Another alternative I’ve seen is strings that are not null terminated but where the allocated memory actually begins at ptr[-1] and contains the length of the string. The benefit is that you still get a char array starting at ptr[0].
This reminds me of when I had to roll my own dynamic memory allocator for an obscure platform. (Something I never want to do again!) I stuck metadata in the negative space just before the returned pointer like you say. In my case, it was complicated by the fact that you had to worry about the memory alignment of the returned pointer to make sure it works with SIMD and all that. Ugh. But I guess with strings (or at least 8-bit-encoded strings), alignment should not be an issue.

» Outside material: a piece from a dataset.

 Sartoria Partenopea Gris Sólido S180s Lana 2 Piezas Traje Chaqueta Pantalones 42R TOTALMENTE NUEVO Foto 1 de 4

Another alternative I’ve seen is strings that are not null terminated but where the allocated memory actually begins at ptr[-1] and contains the length of the string. The benefit is that you still get a char array starting at ptr[0].
But wouldn’t this be potentially unsafe? What programming language has this type of implementation, by the way?

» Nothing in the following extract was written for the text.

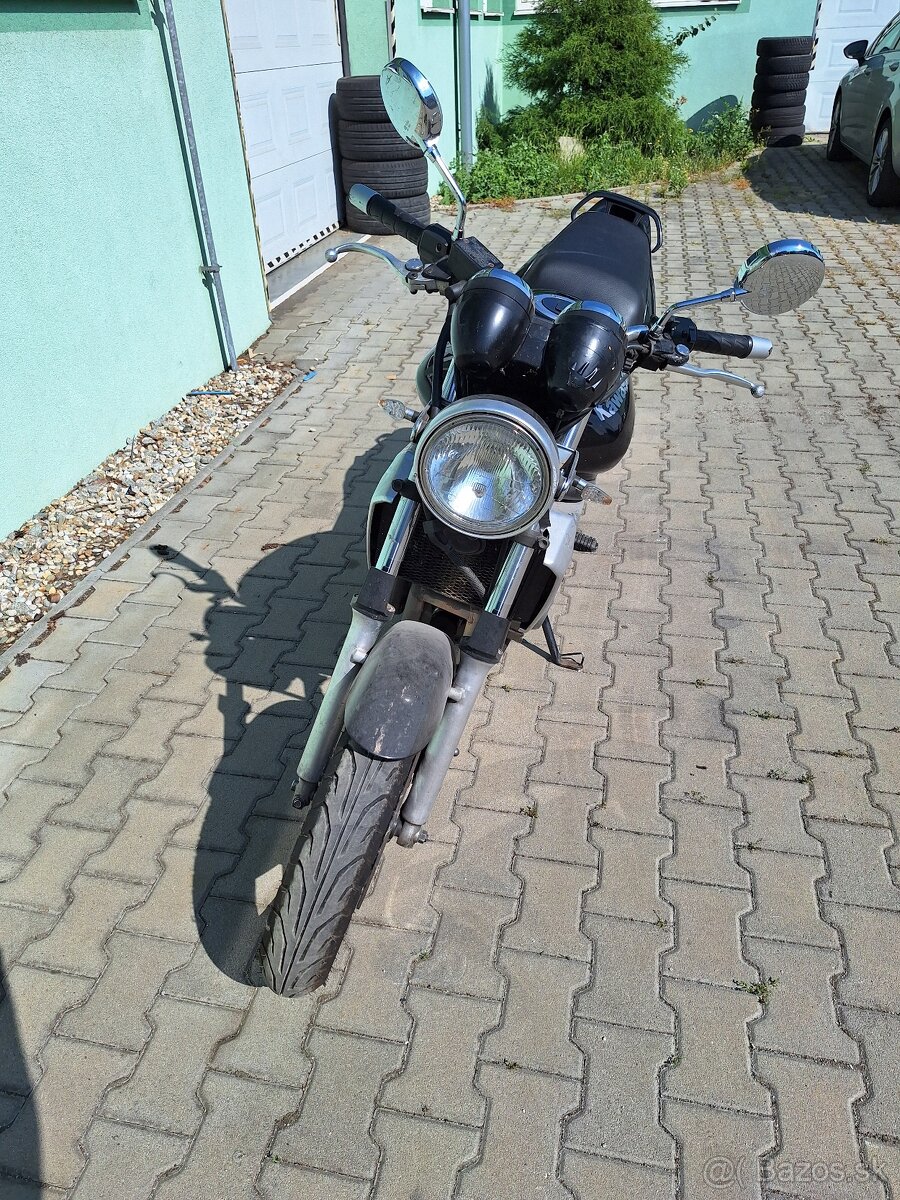 Kawasaki ER500 - 8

Hmm I think I saw it in a C library
Edit: Might have been this one https://github.com/msteinert/bstring
Edit: actually seems it’s this one. Look at what happens to ystr_header_t https://github.com/Amaury/Ylib/blob/master/src/ystr.c
This reminds me of when I had to roll my own dynamic memory allocator for an obscure platform. (Something I never want to do again!) I stuck metadata in the negative space just before the returned pointer like you say. In my case, it was complicated by the fact that you had to worry about the memory alignment of the returned pointer to make sure it works with SIMD and all that. Ugh. But I guess with strings (or at least 8-bit-encoded strings), alignment should not be an issue.